Health care delivery in the U.S. is surprisingly inconsistent. A recent study by HealthGrades, an independent health care ratings organization, found that patients at highly rated hospitals had a 52 percent better chance of surviving compared with the U.S. hospital average. When HealthGrades looked at 17 procedures and diagnoses, it found there was nearly a 72 percent lower chance of dying in a five-star hospital compared to a one-star hospital.
“That’s scary,” Halvorson says and, yet, those discrepancies in health care services have been apparent to him since he moved from senior management positions within BlueCross BlueShield of Minnesota to HealthPartners, an integrated health care delivery system headquartered in Minneapolis, to Kaiser Permanente.
Without coordination, it’s difficult to track how patients are doing. For example, physicians and caregivers know a lot about how asthma care should be done, but don’t always have access to data that shows which children are receiving that care in a timely fashion, Halvorson says. Doctors seldom know if needed prescriptions are filled.
He became more outspoken on the issue after his father suffered a heart attack about 25 years ago. His parents called the hospital, which dispatched an ambulance.
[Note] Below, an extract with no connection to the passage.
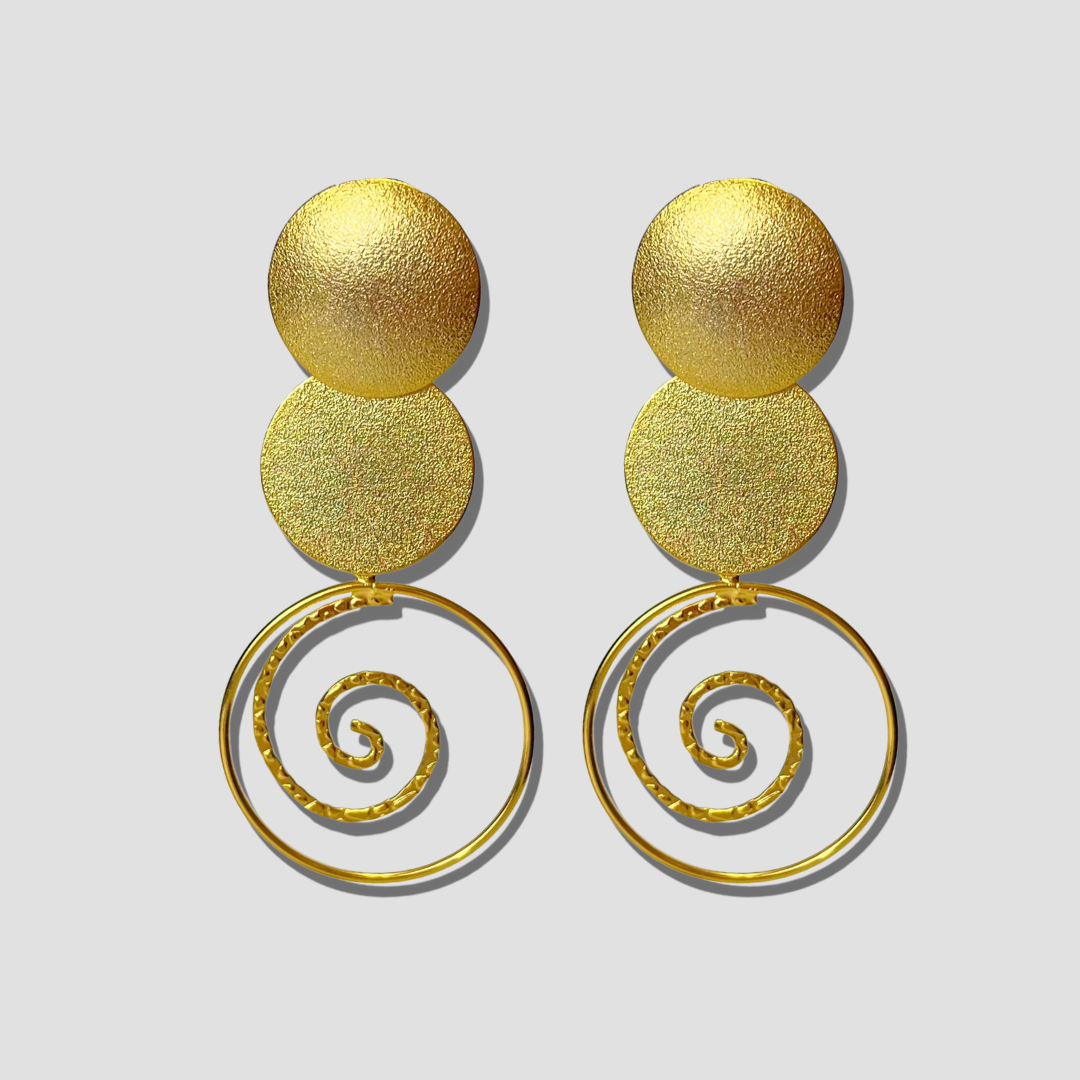 Golden Circular Drop Earrings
It took 45 minutes for the ambulance to arrive. Halvorson’s father died in the hospital parking lot.
“If they would’ve said to bring him in, he’d have been at the hospital within 10 minutes,” Halvorson says. “That got me talking more publicly about health care delivery and what we can do to make it better for everyone.”
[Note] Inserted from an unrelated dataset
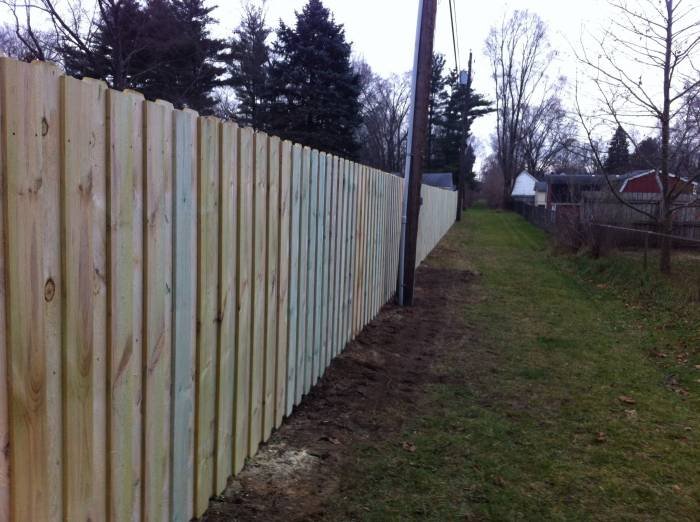 6' treated board on board solid wood privacy fence installed in South Bend, IN Profile Photos of Custom Fence Company 2265 reum rd - Photo 21 of 49 6' treated board on board solid wood privacy fence installed in South Bend, IN Profile Photos of Custom Fence Company 2265 reum rd - Photo 21 of 49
Halvorson’s first book on health care reform arrived in bookstores two months after President Clinton’s health care reform efforts failed in the 1990s. Even though the timing was bad, he believed the U.S. could learn from other countries that achieved universal coverage, lowered health care costs and did it in ways that work for their own cultures and economies.
Simple solutions, however, stand in stark contrast to a fee-for-service system that often pays American caregivers more when care goes wrong. Halvorson doesn’t believe caregivers purposely provide bad care but, as he explains in his latest book, “bad care can be very profitable care.”
And he scoffs at critics of universal coverage who use anecdotes of slow service in Canada to make their case.
“Only Canada uses the Canadian model,” he says. “No other country does, but other countries have still achieved universal coverage. There’s no reason we can’t find our own model.”
With universal coverage, it will be easier for everyone to receive preventive care rather than treatment and it allows for better tracking of outcomes, Halvorson argues. At Kaiser, he is most proud of investing $4 billion in electronic medical records. More than 10 million patients now have their records in computers, meaning that all of their caregivers have access to the same information. It also provides data that allows the health system to follow patient outcomes and recommend ways to improve care. For example, Kaiser used its database to track the long-term impact of people using Vioxx for pain relief and uncovered serious outcomes for a number of patients. The drug ultimately was removed from the market.
That’s just one example of what can be accomplished if the country refocuses and reforms health care, Halvorson says. It’s about being well.
It’s that tenacity and continual search for better knowledge that has launched Halvorson to the forefront of health reform today, says Umdenstock of the American Hospital Association.
“He’s a student of health care delivery and finances and he’s a visionary,” says Umdenstock. “He’s got the breadth of experience and day-to-day living that spans the whole health care sector.”